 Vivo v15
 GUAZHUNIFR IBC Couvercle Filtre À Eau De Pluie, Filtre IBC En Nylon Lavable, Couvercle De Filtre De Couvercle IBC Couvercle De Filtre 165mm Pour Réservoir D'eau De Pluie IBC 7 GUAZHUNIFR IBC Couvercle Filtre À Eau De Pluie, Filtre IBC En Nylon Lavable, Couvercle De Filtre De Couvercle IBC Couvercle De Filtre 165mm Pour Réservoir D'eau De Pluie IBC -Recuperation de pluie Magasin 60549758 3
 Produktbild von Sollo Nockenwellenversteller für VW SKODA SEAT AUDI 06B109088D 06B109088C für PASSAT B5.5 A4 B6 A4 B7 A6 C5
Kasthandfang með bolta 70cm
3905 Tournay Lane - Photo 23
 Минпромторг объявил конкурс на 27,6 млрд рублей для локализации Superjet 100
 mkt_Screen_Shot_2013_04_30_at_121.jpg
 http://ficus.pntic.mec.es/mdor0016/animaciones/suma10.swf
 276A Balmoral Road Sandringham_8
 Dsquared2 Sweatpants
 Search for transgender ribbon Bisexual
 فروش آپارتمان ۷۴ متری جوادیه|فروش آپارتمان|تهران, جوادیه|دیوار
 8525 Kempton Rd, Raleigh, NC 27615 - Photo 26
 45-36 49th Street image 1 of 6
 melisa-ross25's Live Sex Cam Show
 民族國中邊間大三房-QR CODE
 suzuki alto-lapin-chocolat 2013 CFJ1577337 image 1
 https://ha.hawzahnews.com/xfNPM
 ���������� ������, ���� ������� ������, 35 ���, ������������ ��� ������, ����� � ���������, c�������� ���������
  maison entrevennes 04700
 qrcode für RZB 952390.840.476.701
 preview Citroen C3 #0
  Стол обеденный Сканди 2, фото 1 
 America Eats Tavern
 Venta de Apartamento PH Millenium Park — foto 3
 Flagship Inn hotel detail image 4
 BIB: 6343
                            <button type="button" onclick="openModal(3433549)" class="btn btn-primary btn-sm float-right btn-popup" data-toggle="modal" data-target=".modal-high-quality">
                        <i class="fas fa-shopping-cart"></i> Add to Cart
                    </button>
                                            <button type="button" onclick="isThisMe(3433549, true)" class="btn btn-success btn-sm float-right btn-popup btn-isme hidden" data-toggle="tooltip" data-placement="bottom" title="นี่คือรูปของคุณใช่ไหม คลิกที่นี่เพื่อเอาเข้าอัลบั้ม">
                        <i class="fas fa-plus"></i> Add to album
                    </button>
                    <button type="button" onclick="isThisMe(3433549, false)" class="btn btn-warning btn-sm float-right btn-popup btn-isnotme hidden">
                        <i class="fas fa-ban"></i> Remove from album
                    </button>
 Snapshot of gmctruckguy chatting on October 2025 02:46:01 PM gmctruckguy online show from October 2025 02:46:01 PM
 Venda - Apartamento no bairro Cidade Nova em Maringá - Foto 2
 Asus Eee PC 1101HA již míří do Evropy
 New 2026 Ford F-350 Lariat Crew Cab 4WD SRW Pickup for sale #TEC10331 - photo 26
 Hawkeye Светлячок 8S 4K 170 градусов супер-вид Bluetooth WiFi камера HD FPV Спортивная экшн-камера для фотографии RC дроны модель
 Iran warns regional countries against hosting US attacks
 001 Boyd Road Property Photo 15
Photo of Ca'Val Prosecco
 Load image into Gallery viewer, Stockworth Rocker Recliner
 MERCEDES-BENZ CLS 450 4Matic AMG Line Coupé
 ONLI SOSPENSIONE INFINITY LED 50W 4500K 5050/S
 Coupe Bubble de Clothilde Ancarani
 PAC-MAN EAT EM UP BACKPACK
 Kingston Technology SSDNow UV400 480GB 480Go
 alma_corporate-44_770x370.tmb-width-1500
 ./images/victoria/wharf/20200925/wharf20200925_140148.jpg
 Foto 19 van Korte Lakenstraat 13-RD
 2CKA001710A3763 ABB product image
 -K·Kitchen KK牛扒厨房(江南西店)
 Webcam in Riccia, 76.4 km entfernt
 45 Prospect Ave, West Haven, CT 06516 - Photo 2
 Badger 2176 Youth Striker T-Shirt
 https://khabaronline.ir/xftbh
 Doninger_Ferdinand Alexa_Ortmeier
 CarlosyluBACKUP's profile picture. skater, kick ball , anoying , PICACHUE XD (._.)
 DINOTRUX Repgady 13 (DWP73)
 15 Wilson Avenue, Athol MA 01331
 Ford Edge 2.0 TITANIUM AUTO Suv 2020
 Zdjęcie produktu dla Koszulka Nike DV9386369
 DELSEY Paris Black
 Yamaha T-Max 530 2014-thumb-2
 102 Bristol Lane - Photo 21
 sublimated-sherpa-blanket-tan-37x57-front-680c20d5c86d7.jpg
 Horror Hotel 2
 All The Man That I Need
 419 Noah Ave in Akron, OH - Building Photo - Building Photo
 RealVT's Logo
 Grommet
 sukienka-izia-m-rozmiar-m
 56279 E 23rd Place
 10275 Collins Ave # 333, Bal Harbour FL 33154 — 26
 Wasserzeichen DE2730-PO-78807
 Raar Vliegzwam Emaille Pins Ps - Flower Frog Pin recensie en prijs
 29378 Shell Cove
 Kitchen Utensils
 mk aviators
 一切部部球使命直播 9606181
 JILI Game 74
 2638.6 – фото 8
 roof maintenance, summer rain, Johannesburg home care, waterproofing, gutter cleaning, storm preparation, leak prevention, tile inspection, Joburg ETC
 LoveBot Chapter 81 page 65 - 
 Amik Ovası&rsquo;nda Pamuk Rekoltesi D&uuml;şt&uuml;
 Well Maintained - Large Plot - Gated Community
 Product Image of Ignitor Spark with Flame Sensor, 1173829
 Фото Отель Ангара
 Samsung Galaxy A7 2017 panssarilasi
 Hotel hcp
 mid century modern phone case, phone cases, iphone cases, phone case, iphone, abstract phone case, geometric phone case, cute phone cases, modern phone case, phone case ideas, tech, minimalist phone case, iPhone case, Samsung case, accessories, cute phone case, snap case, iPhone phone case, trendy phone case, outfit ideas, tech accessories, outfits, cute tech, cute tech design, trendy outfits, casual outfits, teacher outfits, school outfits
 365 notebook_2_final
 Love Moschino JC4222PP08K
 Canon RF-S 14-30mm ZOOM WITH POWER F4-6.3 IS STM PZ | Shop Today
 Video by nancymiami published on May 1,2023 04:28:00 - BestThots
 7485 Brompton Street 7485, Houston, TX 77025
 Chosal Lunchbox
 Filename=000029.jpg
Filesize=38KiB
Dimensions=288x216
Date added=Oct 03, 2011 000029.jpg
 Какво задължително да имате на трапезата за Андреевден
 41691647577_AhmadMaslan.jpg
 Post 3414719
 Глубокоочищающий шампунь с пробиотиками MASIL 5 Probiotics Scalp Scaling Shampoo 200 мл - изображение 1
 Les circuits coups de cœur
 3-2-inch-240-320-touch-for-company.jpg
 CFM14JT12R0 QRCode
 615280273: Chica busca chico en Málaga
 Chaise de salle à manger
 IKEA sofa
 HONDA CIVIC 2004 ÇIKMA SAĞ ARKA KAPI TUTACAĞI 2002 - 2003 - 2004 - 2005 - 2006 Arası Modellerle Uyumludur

EXERCISE REQUIREMENTS
Return the opening line of the data and every line after it through the line containing "Kasthandfang með bolta 70cm", please, exactly as written and with nothing added.

FINISHED EXERCISE
 Vivo v15
 GUAZHUNIFR IBC Couvercle Filtre À Eau De Pluie, Filtre IBC En Nylon Lavable, Couvercle De Filtre De Couvercle IBC Couvercle De Filtre 165mm Pour Réservoir D'eau De Pluie IBC 7 GUAZHUNIFR IBC Couvercle Filtre À Eau De Pluie, Filtre IBC En Nylon Lavable, Couvercle De Filtre De Couvercle IBC Couvercle De Filtre 165mm Pour Réservoir D'eau De Pluie IBC -Recuperation de pluie Magasin 60549758 3
 Produktbild von Sollo Nockenwellenversteller für VW SKODA SEAT AUDI 06B109088D 06B109088C für PASSAT B5.5 A4 B6 A4 B7 A6 C5
Kasthandfang með bolta 70cm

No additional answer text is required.